# Ce n'est pas au vieux singe qu'on apprend à faire la grimace



## francecita

Hola!

Quelqu'un pourrais me dire un équivalent espagnol de l'expression _"ce n'est pas au vieux singe que tu vas apprendre à faire la grimace"_

Pour ceux qui n'ont jamais entendu cette phrase, cela signifie que ce n'est pas à quelqu'un qui a déjà un "vécut", une certaine expérience, que l'on apprend comment fonctionnent les choses, quels sont les pièges de la vie...etc.

Par exemple, en Belgique, il existe ce proverbe: "_Ce n'est pas à son père qu'on apprend à faire des enfants"_

J'espère que vous aurez des suggestions! 
Adios!


----------



## Domtom

francecita said:


> Par exemple, en Belgique, il existe ce proverbe: "_Ce n'est pas à son père qu'on apprend à faire des enfants"_


 
Parece ser que en Colombia también:

_Usted no le va a enseñar a su papá a hacer hijos _(proverbio colombiano).

FUENTE: pincha aquí.

EDIT: Por cierto, ¿habéis visto mi firma? 
-


----------



## l_DiNgO_l

Hola, 


Tal vez: Más sabe el diablo por viejo que por diablo, como lo propone Yul en este thread

Aunque no se si sea muy correcto re-traducir una traducción


Nos vemos


----------



## Tina.Irun

También: *A perro viejo no hay tus tus.*

Significa que "al que es experimentado no se le engaña con buenas palabras"; _*tus*, *tus*_ (en otras versiones, _cuz, cuz_, es decir, ‘alcuzcuz’) era interjección con que se llamaba al perro.


----------



## Domtom

Por Internet he hallado _Quien quiera saber, que compre un viejo._


----------



## rolandbascou

vieux singe, non, vieux singes.


----------



## Paquita

Le CNTRL le donne au singulier :

II D 4 = *4.* _Ce n'est pas à un vieux singe qu'on apprend à faire la/des grimace(s)_. 

Celui de l'Académie aussi dans sa 8ème édition.


----------



## rolandbascou

Paquit& said:


> Le CNTRL le donne au singulier :
> 
> II D 4 = *4.* _Ce n'est pas à un vieux singe qu'on apprend à faire la/des grimace(s)_.
> 
> Celui de l'Académie aussi dans sa 8ème édition.


 
Cependant, toute ma vie je l' ai connu au pluriel, ( *aux *vieux ) jamais au singulier ( et j´ai 75 ans ... ).


----------



## CarolMamkny

Bueno el francés no es mi fuerte pero propongo:

*Más sabe el diablo por viejo que por diablo*

P.d.
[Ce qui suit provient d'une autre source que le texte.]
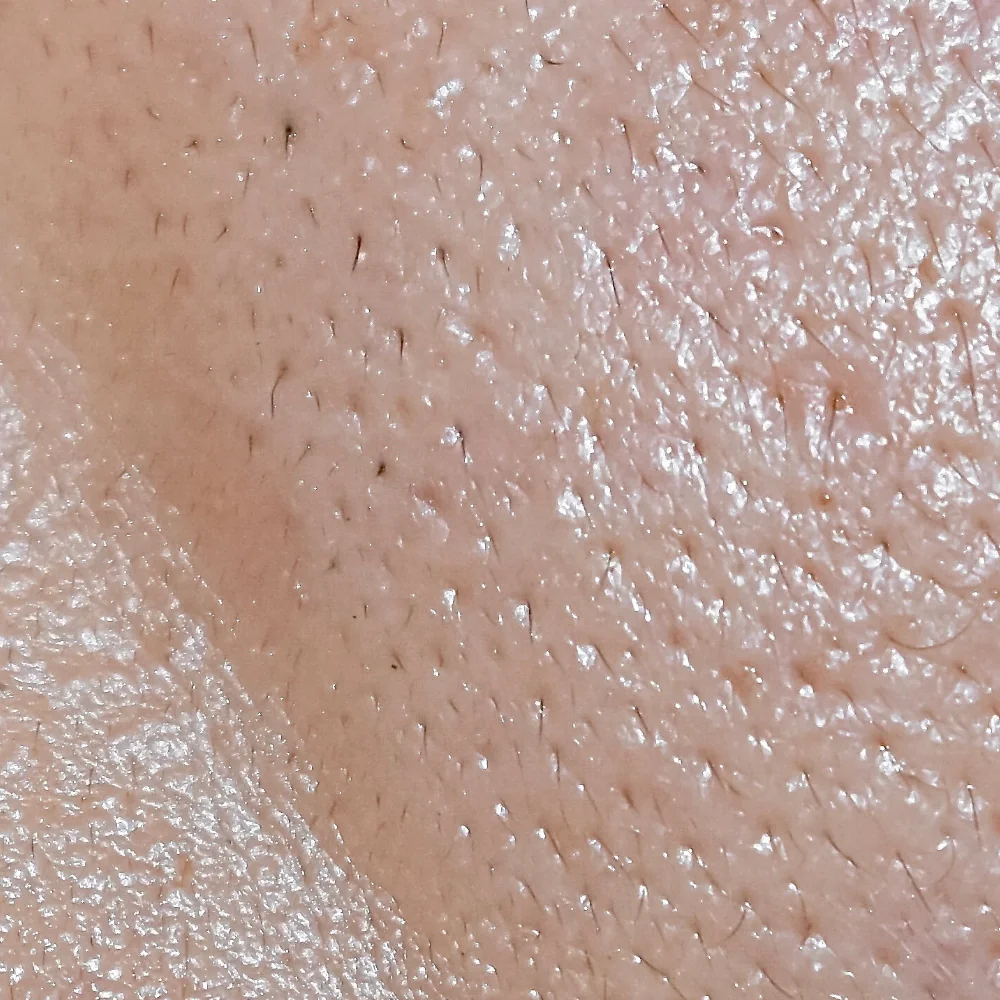 Oily Skin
Pido disculpas si he metido la pata


----------



## rolandbascou

CarolMamkny said:


> Bueno el francés no es mi fuerte pero propongo:
> 
> *Más vale el diablo por viejo que por diablo*
> 
> P.d. Pido disculpas si he metido la pata


 
Creo que es : "El diablo sabe mas por viejo que por diablo".


----------



## Domtom

Ya lo había dicho *Dingo*.


----------



## CarolMamkny

rolandbascou said:


> Creo que es : "El diablo sabe mas por viejo que por diablo".


 
Tienes razón...... Ahhhhhhhhhhhhhh!!!!! Que horror!!! 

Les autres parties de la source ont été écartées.